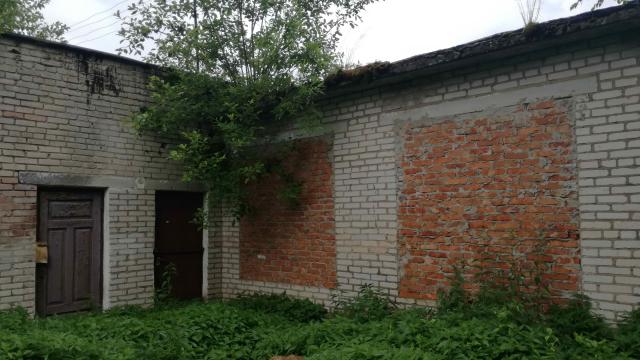 Капитальное строение с инв. №220/C-15760, магазин пл. 112,5 кв.м. (Глубокский р-н, д. Мосар, ул. Центральная, 93)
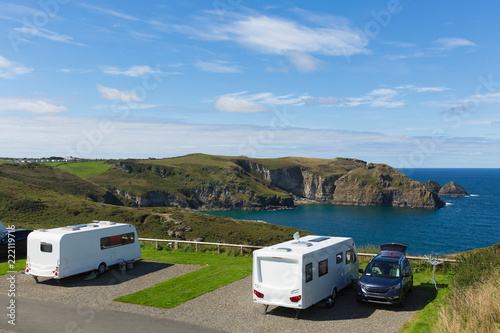 Φωτογραφία Caravans on a pitch by a beautiful coast scene
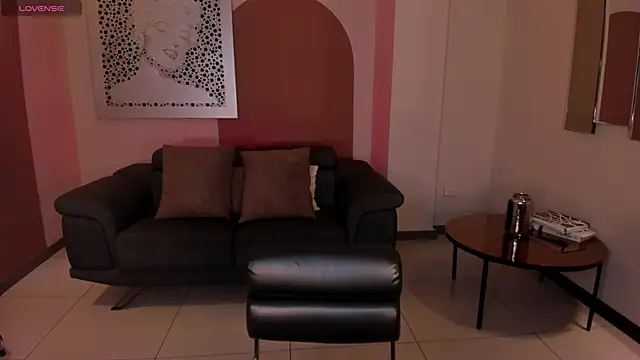 Snapshot of KatieAngelX chatting on October 2025 11:28:01 AM KatieAngelX online show from October 2025 11:28:01 AM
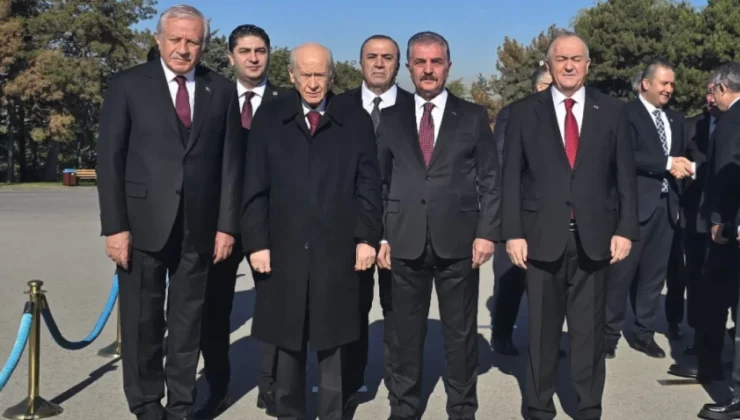 MHP Lideri Bahçeli, Anıtkabir’i ziyaret etti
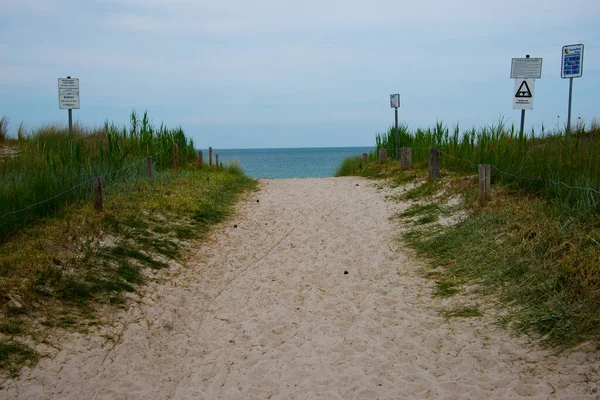 Παραλία Μονοπάτι Baltic Παραλία Προειδοποιητικές Πινακίδες Mecklenburg Δυτική Pomerania Γερμανία — Φωτογραφία Αρχείου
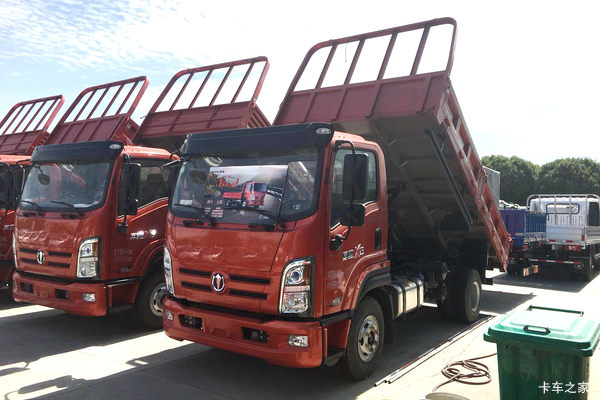 飞碟奥驰 X6系列 156马力 4X2 4.13米自卸车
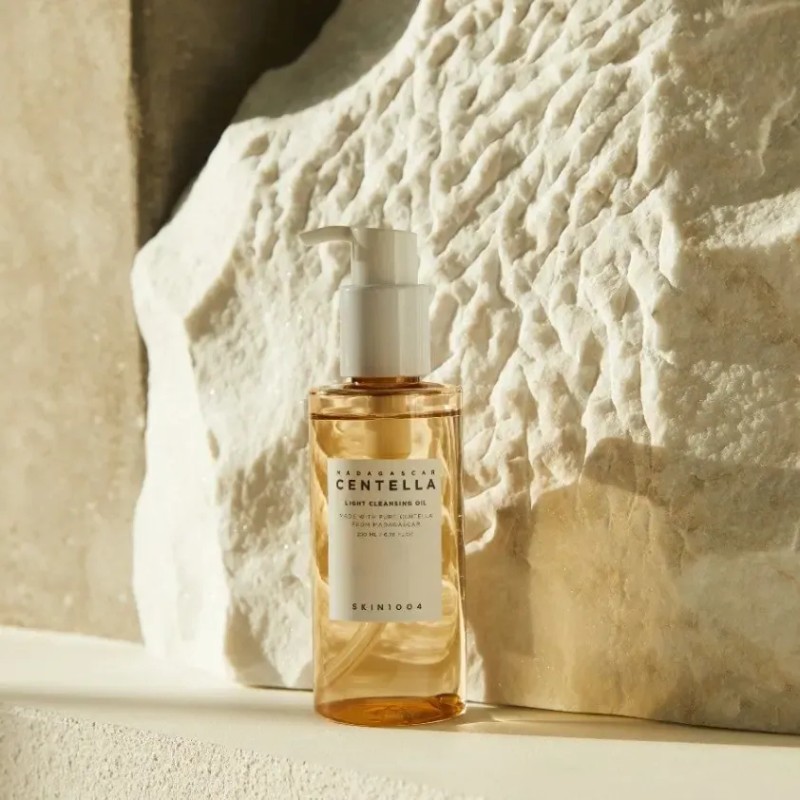 Skin1004 Madagascar Centella Light Cleansing Oil + Regalito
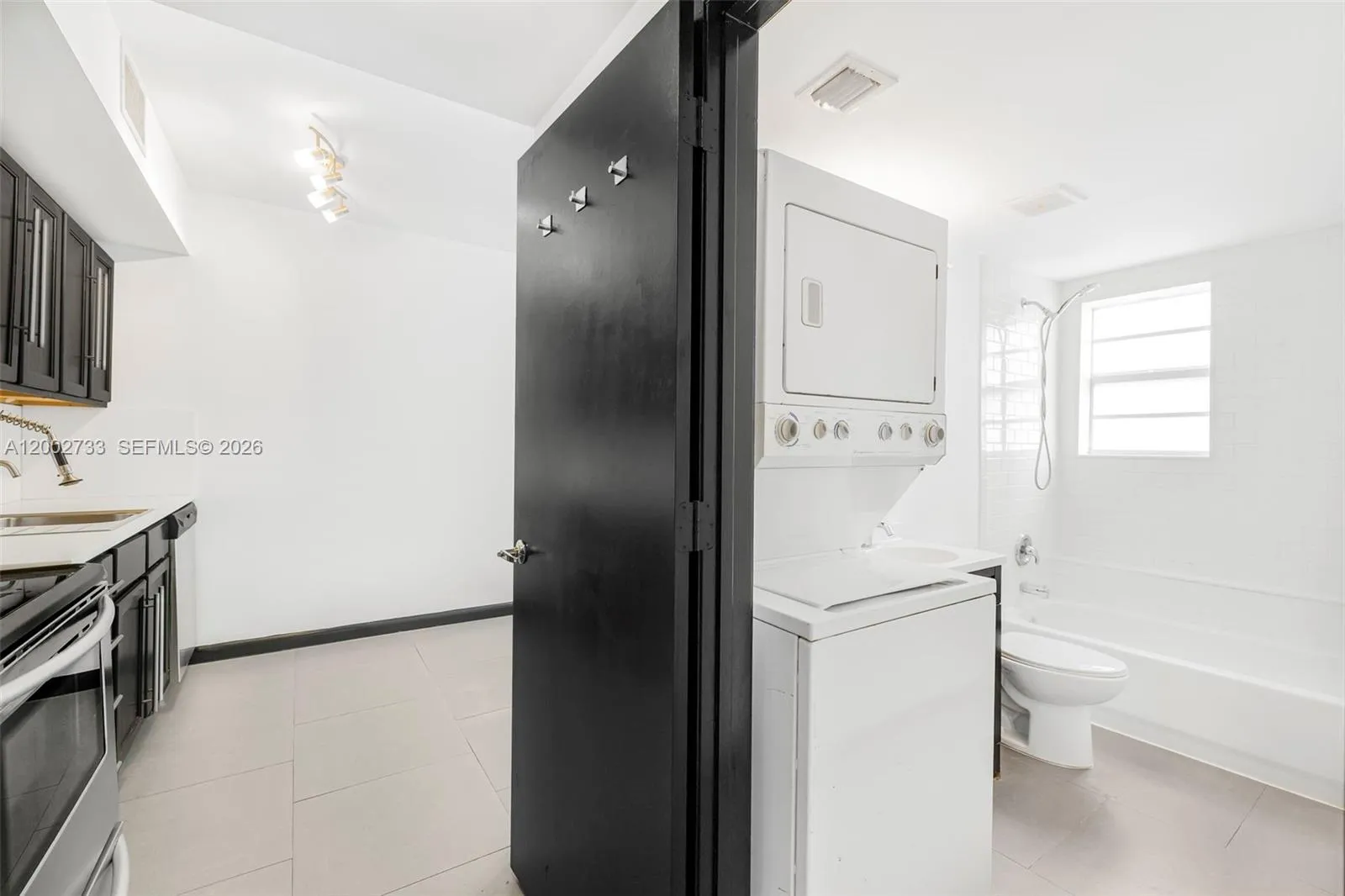 1876 SW 11th Ter # 302, Miami FL 33135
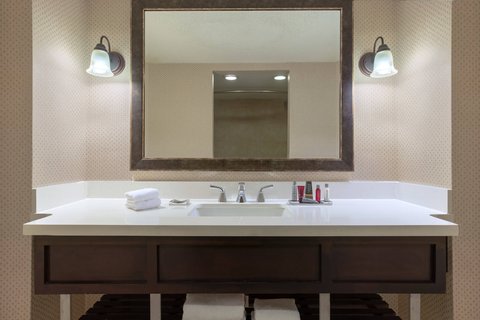 Hotel room photo 5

######

* **EXERCISE REQUIREMENTS**: Return word for word the line bearing "Φωτογραφία Caravans on" and every later line of the entries, but none of the pictures.

* **EXERCISE RESPONSE**:
 Φωτογραφία Caravans on a pitch by a beautiful coast scene
 Snapshot of KatieAngelX chatting on October 2025 11:28:01 AM KatieAngelX online show from October 2025 11:28:01 AM
 MHP Lideri Bahçeli, Anıtkabir’i ziyaret etti
 Παραλία Μονοπάτι Baltic Παραλία Προειδοποιητικές Πινακίδες Mecklenburg Δυτική Pomerania Γερμανία — Φωτογραφία Αρχείου
 飞碟奥驰 X6系列 156马力 4X2 4.13米自卸车
 Skin1004 Madagascar Centella Light Cleansing Oil + Regalito
 1876 SW 11th Ter # 302, Miami FL 33135
 Hotel room photo 5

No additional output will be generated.